• _BRIEF_:
Copy every record exactly, leaving the pictures out.

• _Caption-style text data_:
++++++++
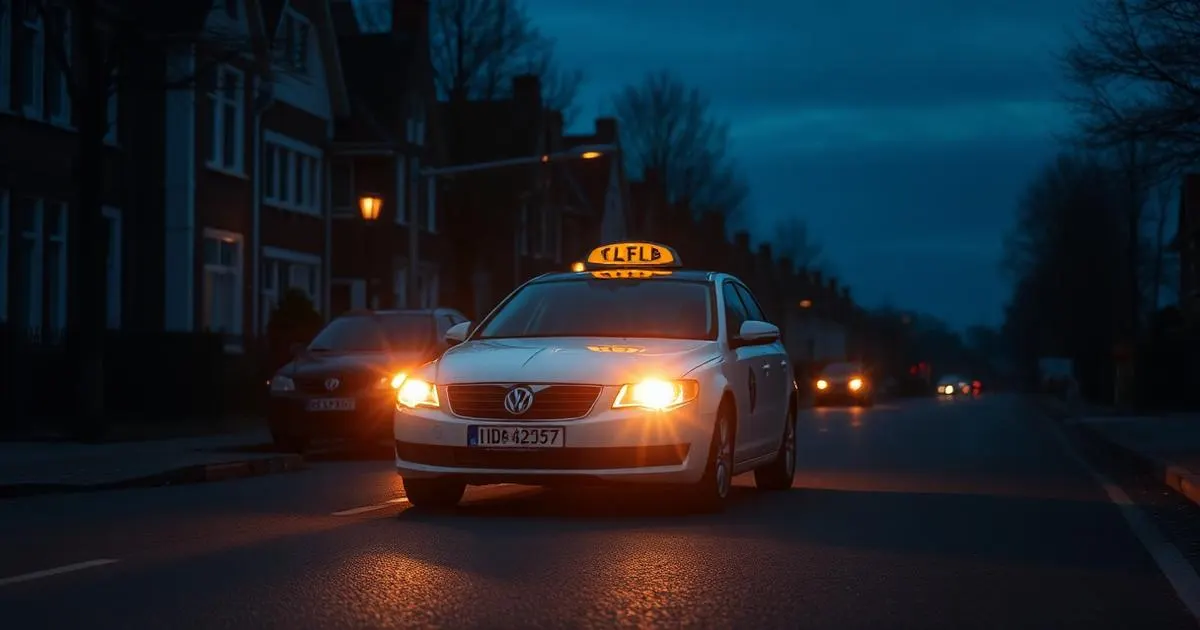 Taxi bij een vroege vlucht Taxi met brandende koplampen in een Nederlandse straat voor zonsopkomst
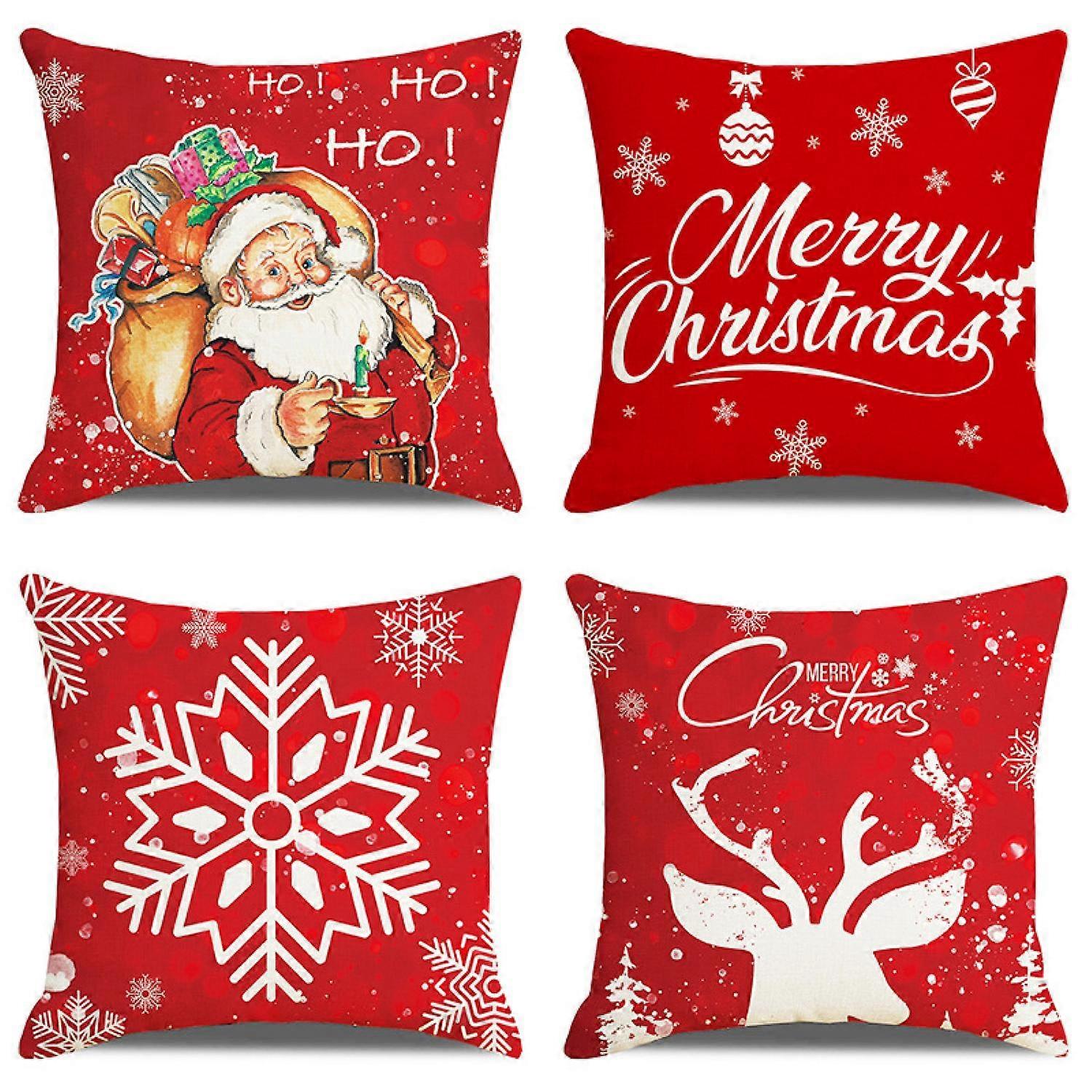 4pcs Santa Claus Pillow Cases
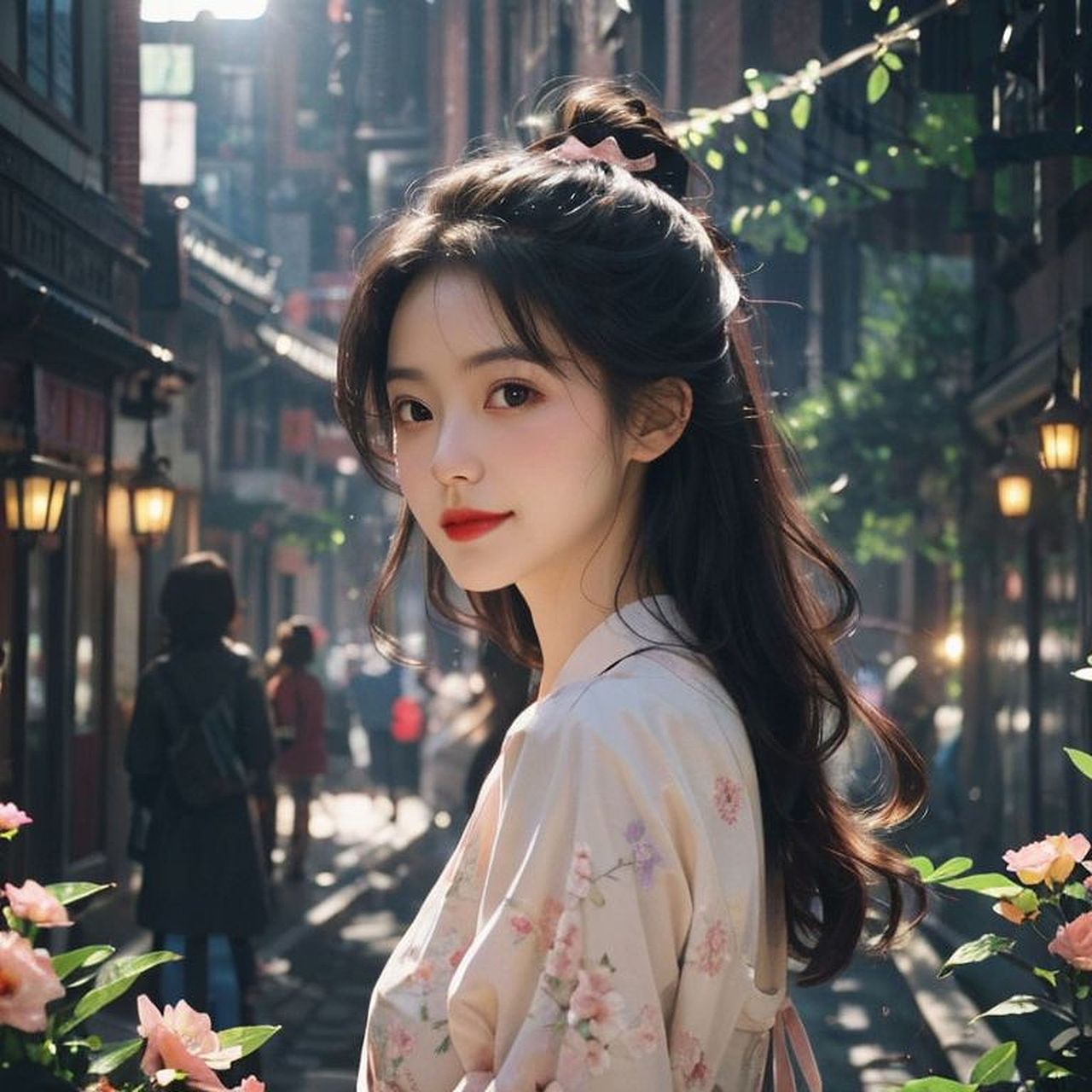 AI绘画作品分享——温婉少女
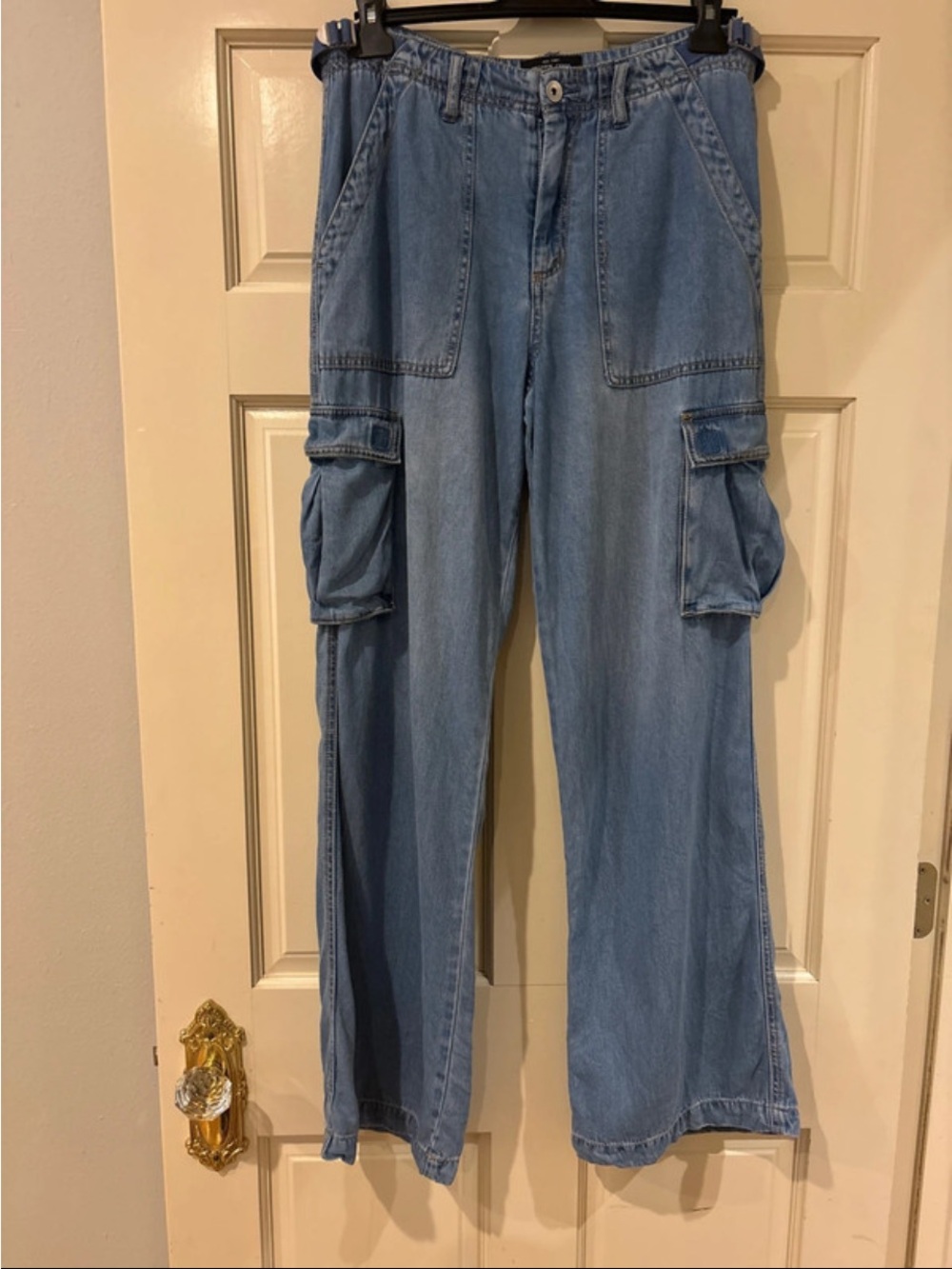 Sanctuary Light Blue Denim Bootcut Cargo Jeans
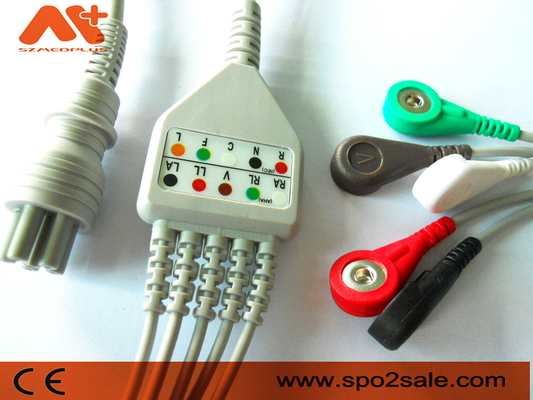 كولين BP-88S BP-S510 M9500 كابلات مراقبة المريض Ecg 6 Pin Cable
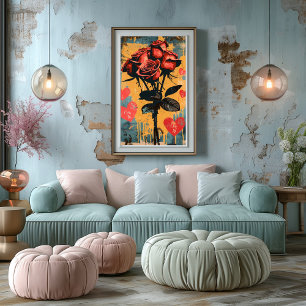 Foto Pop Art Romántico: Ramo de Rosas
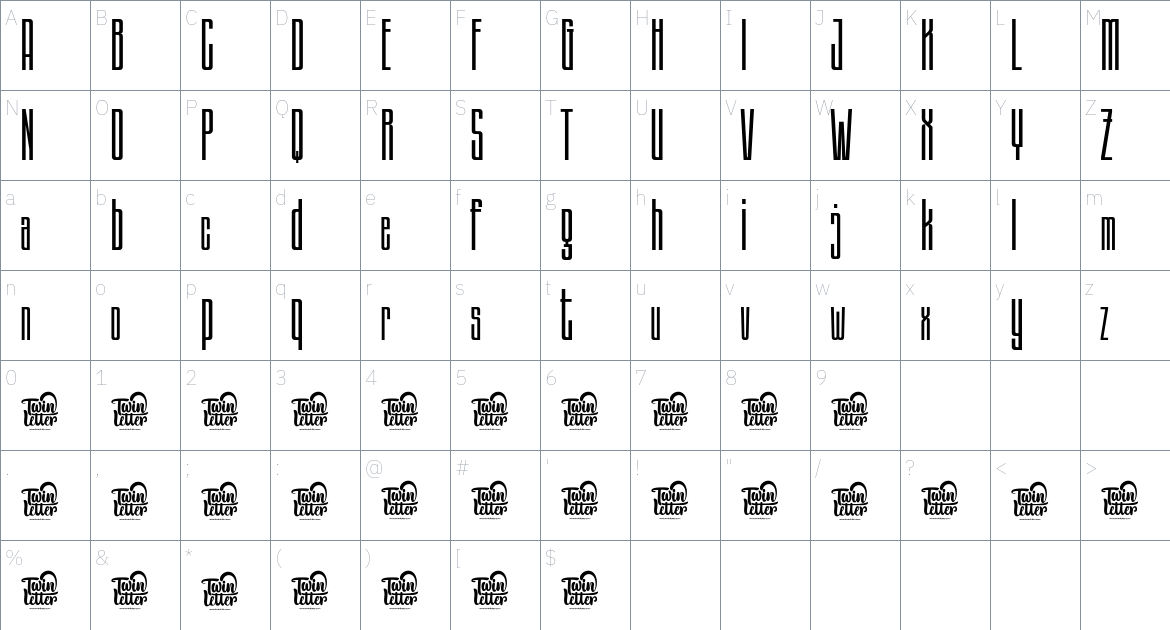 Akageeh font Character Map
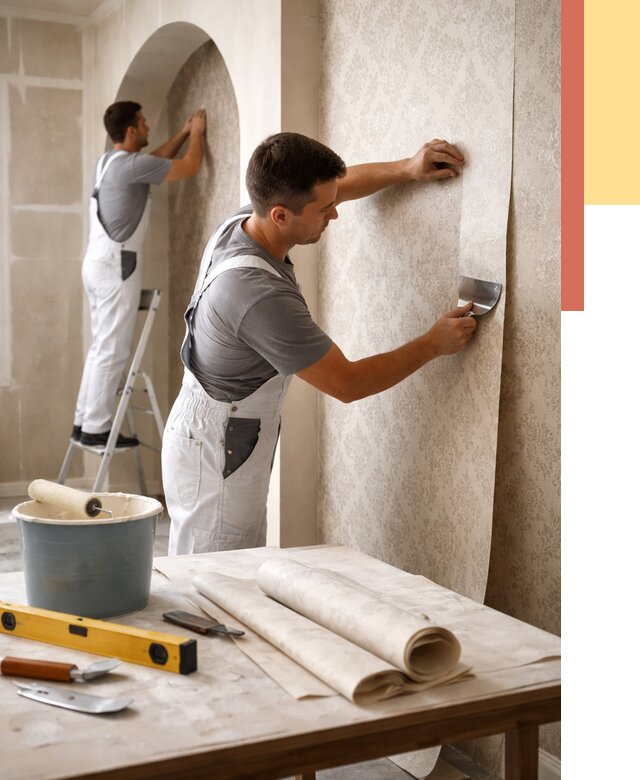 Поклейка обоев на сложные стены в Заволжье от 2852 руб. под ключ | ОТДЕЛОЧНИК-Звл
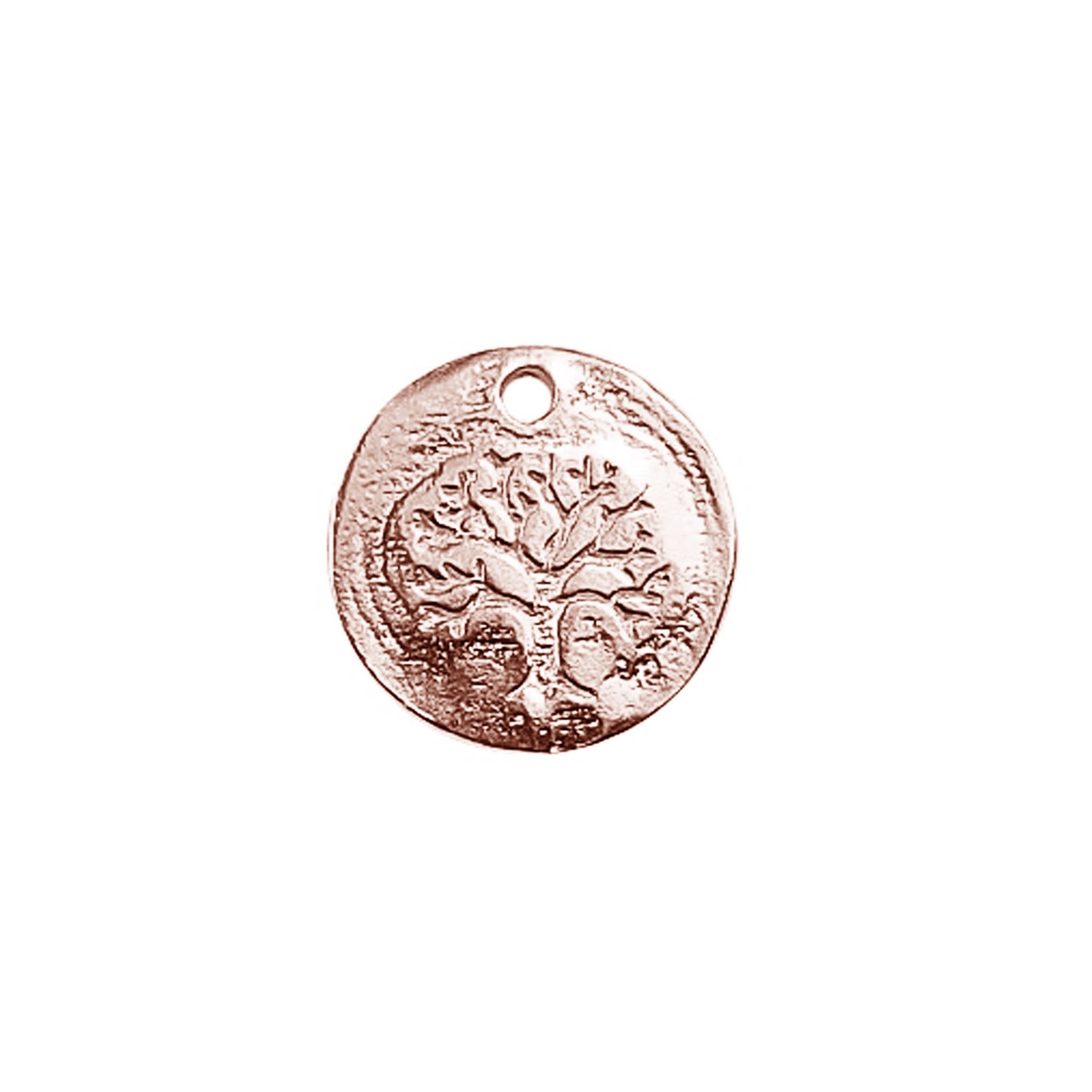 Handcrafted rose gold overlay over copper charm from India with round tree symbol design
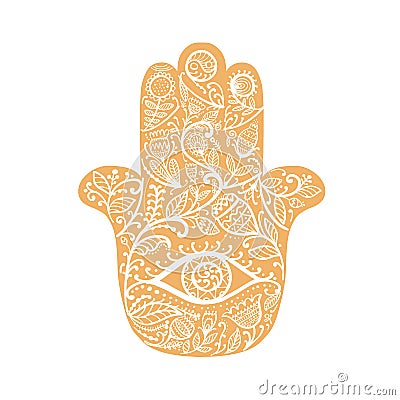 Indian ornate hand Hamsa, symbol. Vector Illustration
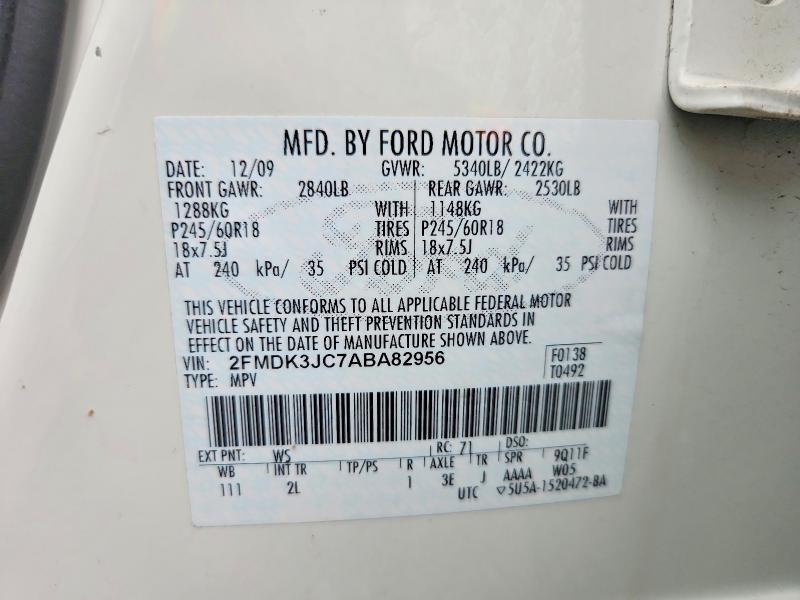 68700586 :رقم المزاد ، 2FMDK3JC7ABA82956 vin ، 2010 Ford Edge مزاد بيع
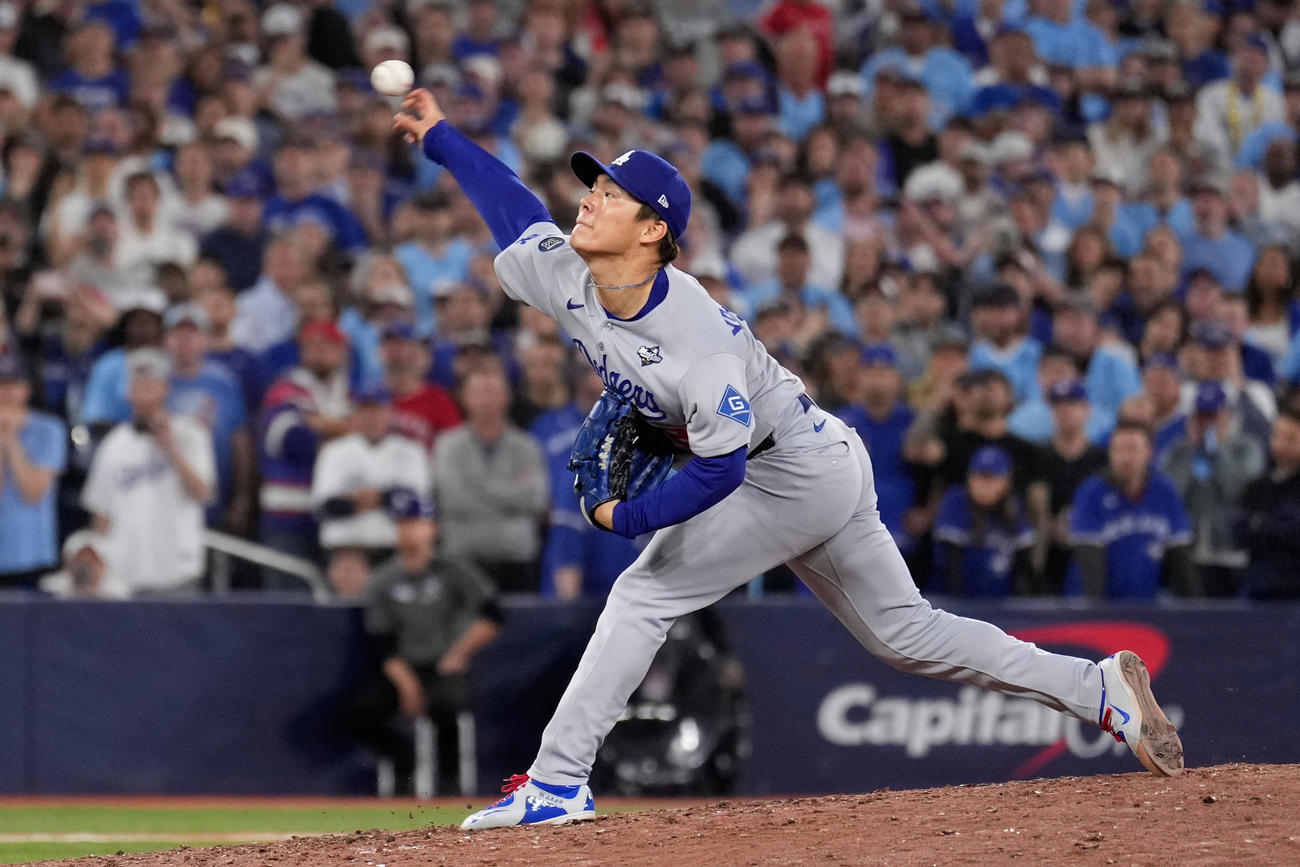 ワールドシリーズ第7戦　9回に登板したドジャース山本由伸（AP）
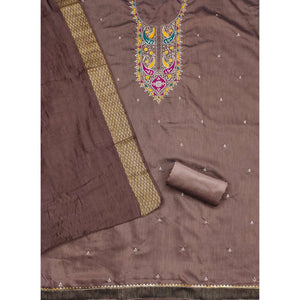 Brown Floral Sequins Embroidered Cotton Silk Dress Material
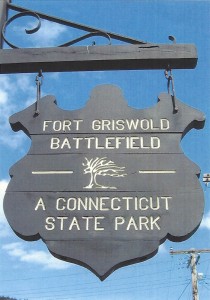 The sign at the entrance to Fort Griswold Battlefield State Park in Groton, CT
++++++++
• _RESULT OF THE EXERCISE_:
 Taxi bij een vroege vlucht Taxi met brandende koplampen in een Nederlandse straat voor zonsopkomst
 4pcs Santa Claus Pillow Cases
 AI绘画作品分享——温婉少女
 Sanctuary Light Blue Denim Bootcut Cargo Jeans
 كولين BP-88S BP-S510 M9500 كابلات مراقبة المريض Ecg 6 Pin Cable
 Foto Pop Art Romántico: Ramo de Rosas
 Akageeh font Character Map
 Поклейка обоев на сложные стены в Заволжье от 2852 руб. под ключ | ОТДЕЛОЧНИК-Звл
 Handcrafted rose gold overlay over copper charm from India with round tree symbol design
 Indian ornate hand Hamsa, symbol. Vector Illustration
 68700586 :رقم المزاد ، 2FMDK3JC7ABA82956 vin ، 2010 Ford Edge مزاد بيع
 ワールドシリーズ第7戦　9回に登板したドジャース山本由伸（AP）
 Brown Floral Sequins Embroidered Cotton Silk Dress Material
 The sign at the entrance to Fort Griswold Battlefield State Park in Groton, CT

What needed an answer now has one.